# NonResdident with 2 rental properties in NEq, strategic default & return the keys?



## Negatequity (7 May 2011)

My predicament:

*Loan:* - ECB Tracker home loan with a foreign owned bank (ie NIB, KBC, Rabo etc but not Ulster, HBOS) for ca 650k. Originally structured as interest only but will switch to principal repayment in the next 6 months.

*Secured on:* - two Dublin properties currently rented. 

*Current value:* who knows but lets say €450k so ca €200k negative equity.

*Borrower:* - Not been resident in Ireland for several years. Curently employed in EU continental Europe & no ambition to return to Ireland other than for holiday. No other assets in Ireland. 

*Problem:* - Rental receipts will not cover the loan repayments once the home switches to principal repayment. The properties would need to rise 50% in value in order to wipe out negative equity. 

*Question: *If I consider strategic default & return the keys to the lender, what action would they take? Chase me through continental European courts, sell the claim to a debt collection agency or simply write off the debt?


----------



## JoeB (7 May 2011)

chase you through the european courts, hopefully.

If they do otherwise then the irish taxpayer will end up paying, and he can't afford it.


I suppose I should add... do you intend to pay, and cannot?, or could you pay but you'd rather not? The answer to that is very important.


----------



## Howitzer (7 May 2011)

JoeBallantin said:


> If they do otherwise then the irish taxpayer will end up paying, and he can't afford it.
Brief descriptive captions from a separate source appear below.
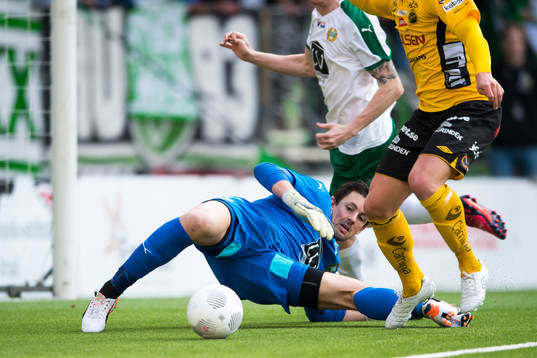 Hammarbys målvakt Johannes Hopf räddar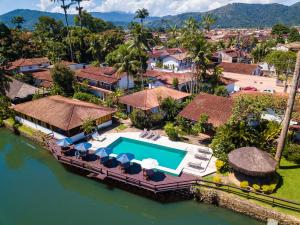 uma vista aérea de uma casa sobre a água em Pousada Corsario Paraty em Paraty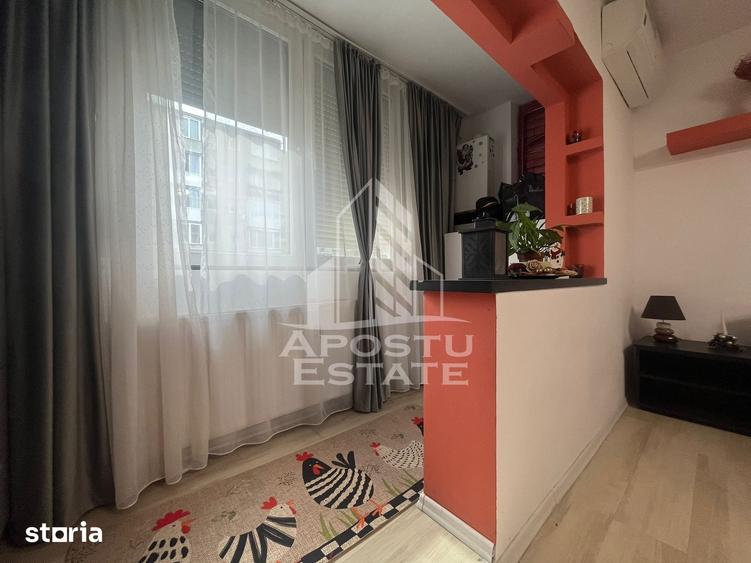 Apartament cu 3 camere decomandat în Confecții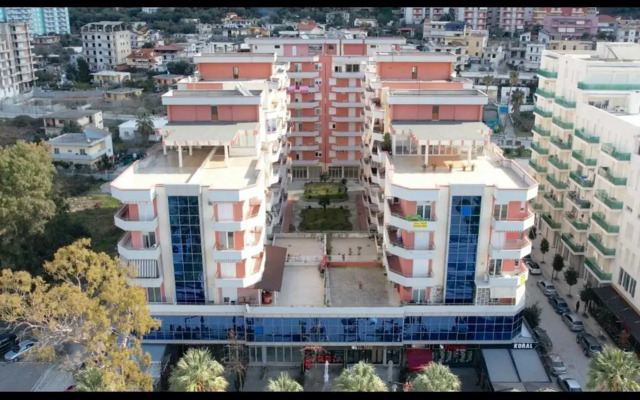 El Mar Hotel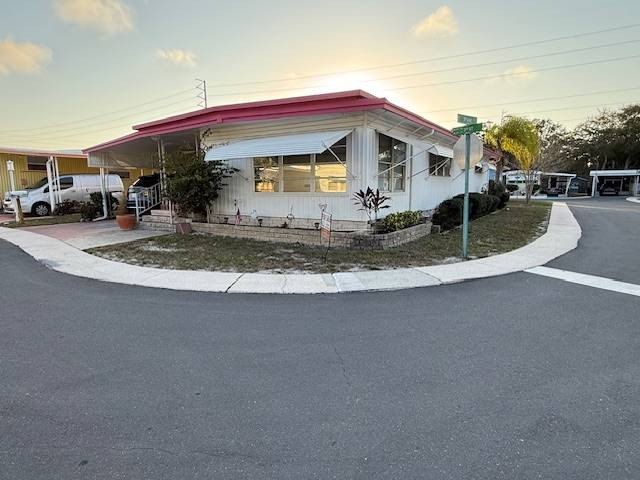 Welcome to this exceptionally spacious and beautifully - Beach Home for sale in Dunedin, Florida on Beachhouse.com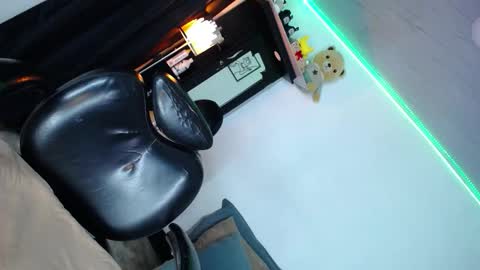 Snapshot of ivan_standford chatting on October 3, 9:09 am y online show from October 3, 9:09 am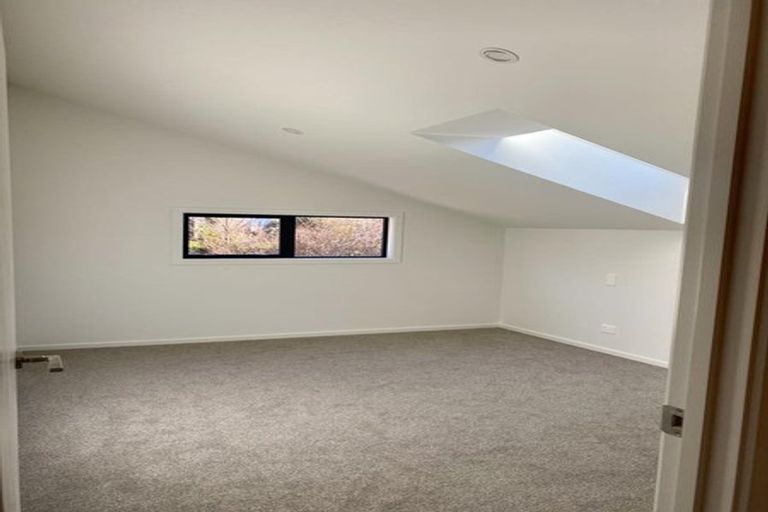 Photo of property in 77 Oregon Drive, Kelvin Heights, Queenstown, 9300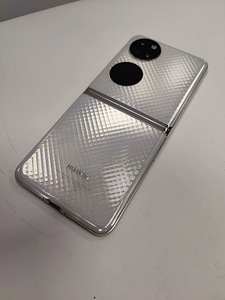 Telefon Huawei P50 Pocket (3 foto / 5)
Just to be a pedantic Pat, this isn't correct. The OP has already stated that the bank to which he has the mortgage is foreign owned.


----------



## Brendan Burgess (7 May 2011)

If the rental income covers the interest payments, then I don't think that you should do anything drastic. 

Check out this post which covers the issues: *  Key Post* Should I rent out (let) my home in negative equity, or just sell it at a loss? 

You borrowed money to invest in properties. It hasn't worked out. You have a job in Europe. You should pay off your loan. 

The best thing to do is to talk to the lenders. If you have a cheap tracker, they may do a deal with you on accepting the proceeds in full and final settlement of the loan. Or they may give you a discount. 

Overall, you should try to repay your loans or settle them by agreement.


----------



## Negatequity (7 May 2011)

Thank you. 
For time being i should be able to service the loan but strategic default is morally bad (before i get abuse postings it is foerign bank shareholders who would suffer not irish taxpayers) but it may make cold financial sense depending upon how the bank would react.  
What chance irish house prices rise 50% in any reasonable time horizon.....

Does anyone know what are banks doing with other non-resident defaulters?  I ve seen posts re the UK but tracking defaulters in continental europe is a little more messy for the banks I guess.  Chasing them to ends of earth or just writing it off? 

I ve thought of the idea of trying to negotiate a partial debt forgiveness but my negotiating power depends a little on how they view non-residents.  Just like any other borrower or way too much hassle to chase so perhaps they are more open to negotiate?


----------



## JoeB (7 May 2011)

Well, there is a halfway point between chasing to the ends of the earth, and writing off.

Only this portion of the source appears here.